WHAT THE TASK REQUIRES –
Beginning with the line containing "Haut de bikini" and ending at the last line of the data, set down every line exactly, leaving out all pictures.

SUPPLIED DATA –
▼▼▼

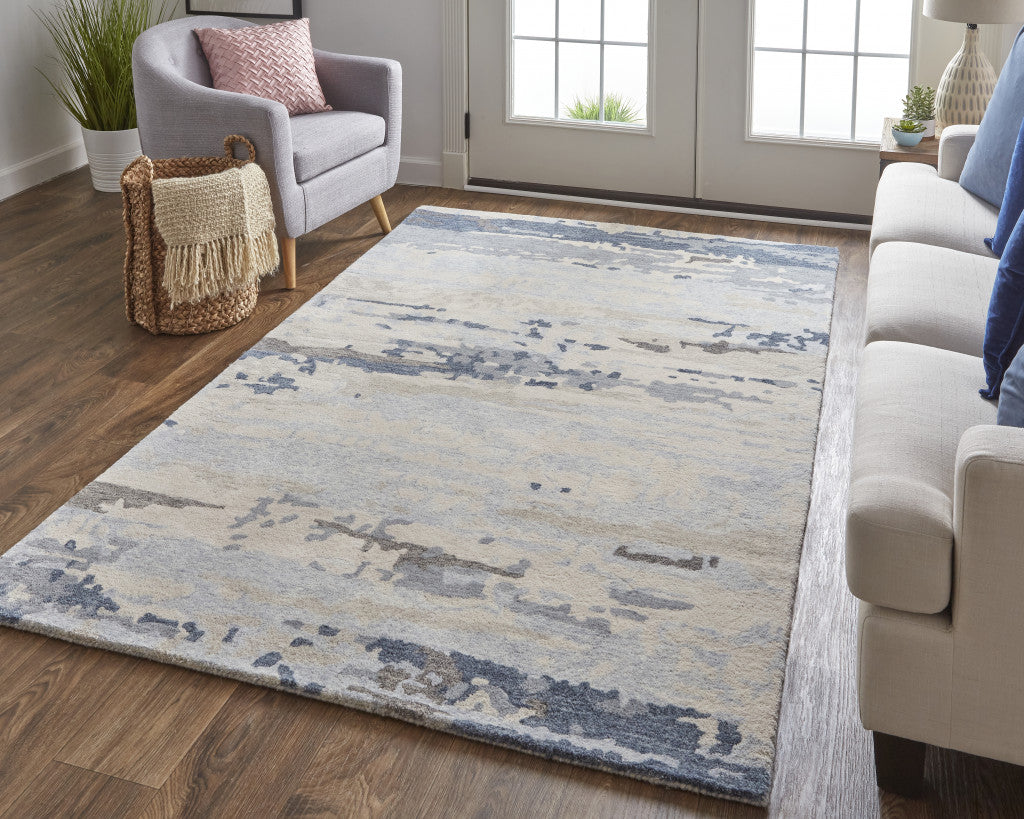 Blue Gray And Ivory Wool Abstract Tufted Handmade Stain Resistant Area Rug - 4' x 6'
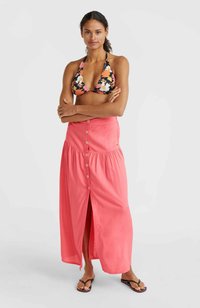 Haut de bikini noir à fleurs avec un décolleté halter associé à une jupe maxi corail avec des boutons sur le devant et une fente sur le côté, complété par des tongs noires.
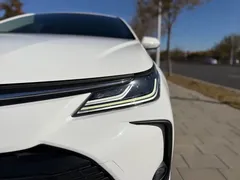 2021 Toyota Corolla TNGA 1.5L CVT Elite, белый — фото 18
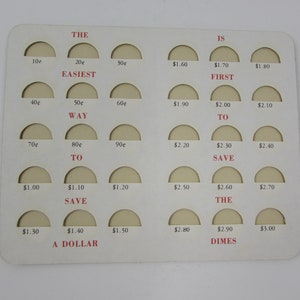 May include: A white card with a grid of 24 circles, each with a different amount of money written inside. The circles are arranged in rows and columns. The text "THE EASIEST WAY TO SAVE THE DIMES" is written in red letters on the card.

▲▲▲

RESPONSE TO THE TASK –
 Haut de bikini noir à fleurs avec un décolleté halter associé à une jupe maxi corail avec des boutons sur le devant et une fente sur le côté, complété par des tongs noires.
 2021 Toyota Corolla TNGA 1.5L CVT Elite, белый — фото 18
 May include: A white card with a grid of 24 circles, each with a different amount of money written inside. The circles are arranged in rows and columns. The text "THE EASIEST WAY TO SAVE THE DIMES" is written in red letters on the card.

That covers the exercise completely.